Copy from the first line below down to and including the line with "A bus driver sits with a student". Skip the pictures.
==========
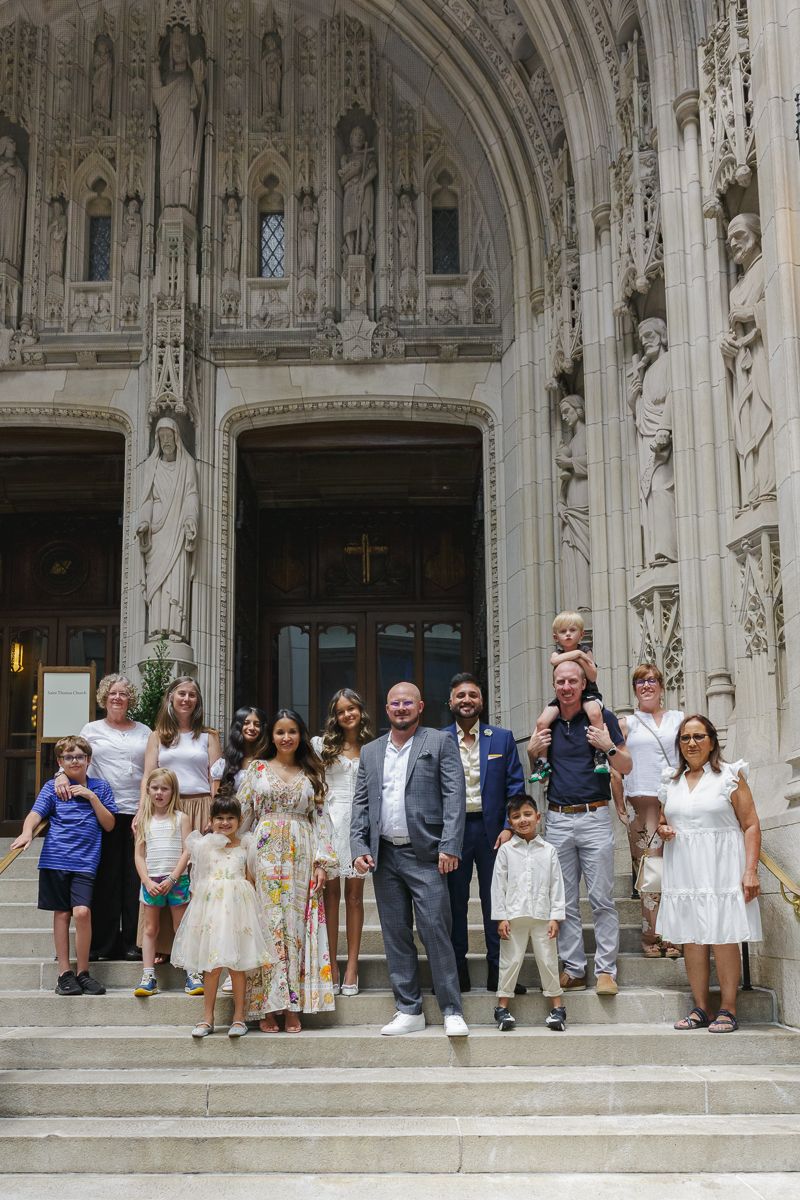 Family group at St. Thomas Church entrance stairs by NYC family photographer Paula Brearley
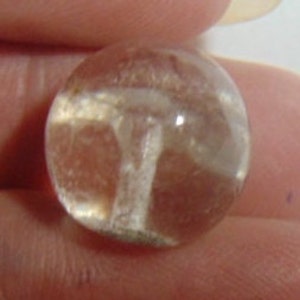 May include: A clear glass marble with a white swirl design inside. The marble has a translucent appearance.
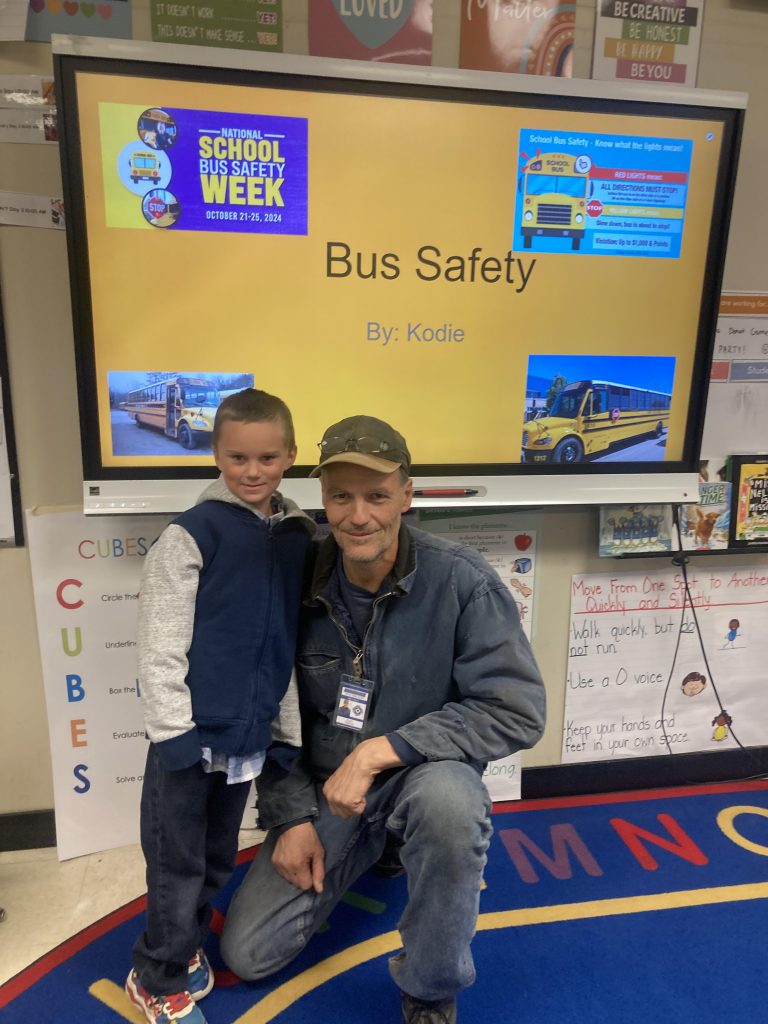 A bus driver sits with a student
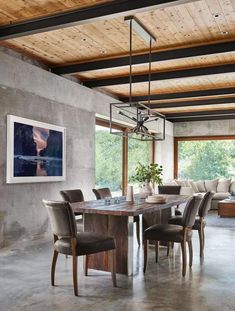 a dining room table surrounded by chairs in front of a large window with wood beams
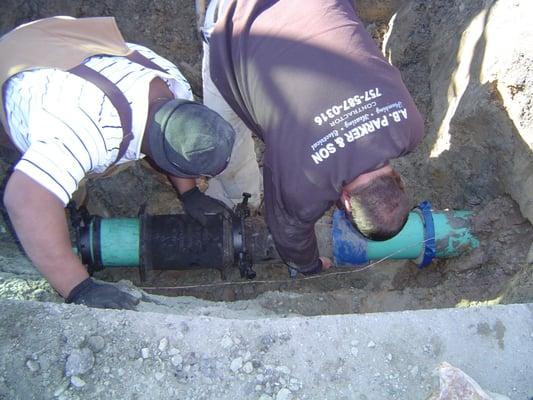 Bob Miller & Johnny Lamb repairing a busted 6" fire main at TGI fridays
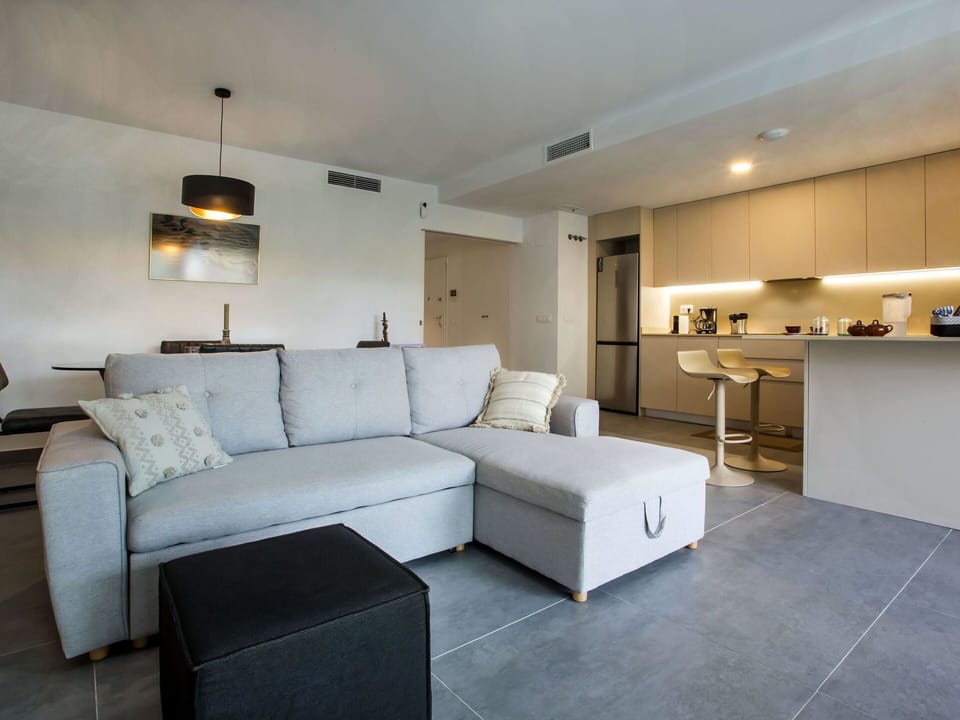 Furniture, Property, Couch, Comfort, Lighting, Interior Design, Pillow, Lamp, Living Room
==========
Response =>
 Family group at St. Thomas Church entrance stairs by NYC family photographer Paula Brearley
 May include: A clear glass marble with a white swirl design inside. The marble has a translucent appearance.
 A bus driver sits with a student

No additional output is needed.